Databricks client SDK with command line client for Databricks REST APIs

These details have not been verified by PyPI

Project links

Homepage

License
- OSI Approved :: MIT License
Operating System
- OS Independent
Programming Language
- Python :: 3

Project description

pydbr

Databricks client SDK for Python with command line interface for Databricks REST APIs.

{:toc}

Introduction

Pydbr (short of Python-Databricks) package provides python SDK for Databricks REST API:

dbfs
workspace
jobs
runs

The package also comes with a useful CLI which might be very helpful in automation.

Installation

$ pip install pydbr

Databricks CLI

Databricks command line client provides convenient way to interact with Databricks cluster at the command line. A very popular use of such approach in in automation tasks, like DevOps pipelines or third party workflow managers.

You can call the Databricks CLI using convenient shell command pydbr:

$ pydbr --help

or using python module:

$ python -m pydbr.cli --help

To connect to the Databricks cluster, you can supply arguments at the command line:

--bearer-token
--url
--cluster-id

Alternatively, you can define environment variables.

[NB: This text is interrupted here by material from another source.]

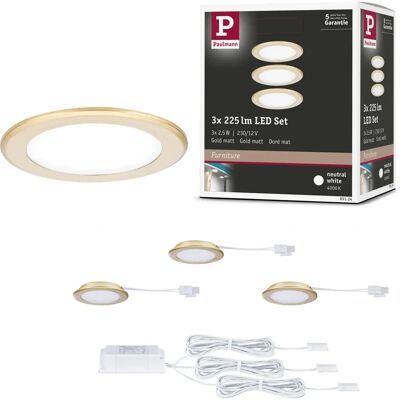 Paulmann Inbouw LED-verlichting - Set van 3, 65mm, 2.5W, Neutraal wit Paulmann Inbouw LED-verlichting - Set van 3, 65mm, 2.5W, Neutraal wit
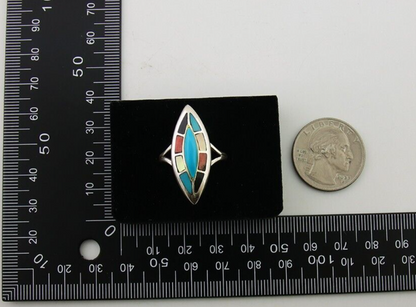 Navajo Ring 925 Silver Turquoise Shell Onyx Spiney Oyster Native Artist C80's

Command line arguments take precedence.

export DATABRICKS_URL='https://westeurope.azuredatabricks.net/'
export DATABRICKS_BEARER_TOKEN='dapixyz89u9ufsdfd0'
export DATABRICKS_CLUSTER_ID='1234-456778-abc234'
export DATABRICKS_ORG_ID='87287878293983984'

DBFS

List DBFS items

# List items on DBFS
pydbr dbfs ls --json-indent 3 FileStore/movielens

[
   {
      "path": "/FileStore/movielens/ml-latest-small",
      "is_dir": true,
      "file_size": 0,
      "is_file": false,
      "human_size": "0 B"
   }
]

Download file from DBFS

# Download a file and print to STDOUT
pydbr dbfs get ml-latest-small/movies.csv

Download directory from DBFS

# Download recursively entire directory and store locally
pydbr dbfs get -o ml-local ml-latest-small

Workspace

Databricks workspace contains notebooks and other items.

List workspace

####################
# List workspace
# Default path is root - '/'
$ pydbr workspace ls
# auto-add leading '/'
$ pydbr workspace ls 'Users'
# Space-indentend json output with number of spaces
$ pydbr workspace --json-indent 4 ls
# Custom indent string
$ pydbr workspace ls --json-indent='>'

Export items from Databricks workspace

#####################
# Export workspace items
# Export everything in source format using defaults: format=SOURCE, path=/
pydbr workspace export -o ./.dev/export
# Export everything in DBC format
pydbr workspace export -f DBC -o ./.dev/export.
# When path is folder, export is recursive
pydbr workspace export -o ./.dev/export-utils 'Utils'
# Export single ITEM
pydbr workspace export -o ./.dev/GetML 'Utils/Download MovieLens.py'

Runs

This command group implements the jobs/runs Databricks REST API.

Submit a notebook

Implements: https://docs.databricks.com/dev-tools/api/latest/jobs.html#runs-submit

$ pydbr runs submit "Utils/Download MovieLens"

{"run_id": 4}

You can retrieve the job information using runs get:

$ pydbr runs get 4 -i 3

If you need to pass parameters, use the --parameters or -p option and specify JSON text.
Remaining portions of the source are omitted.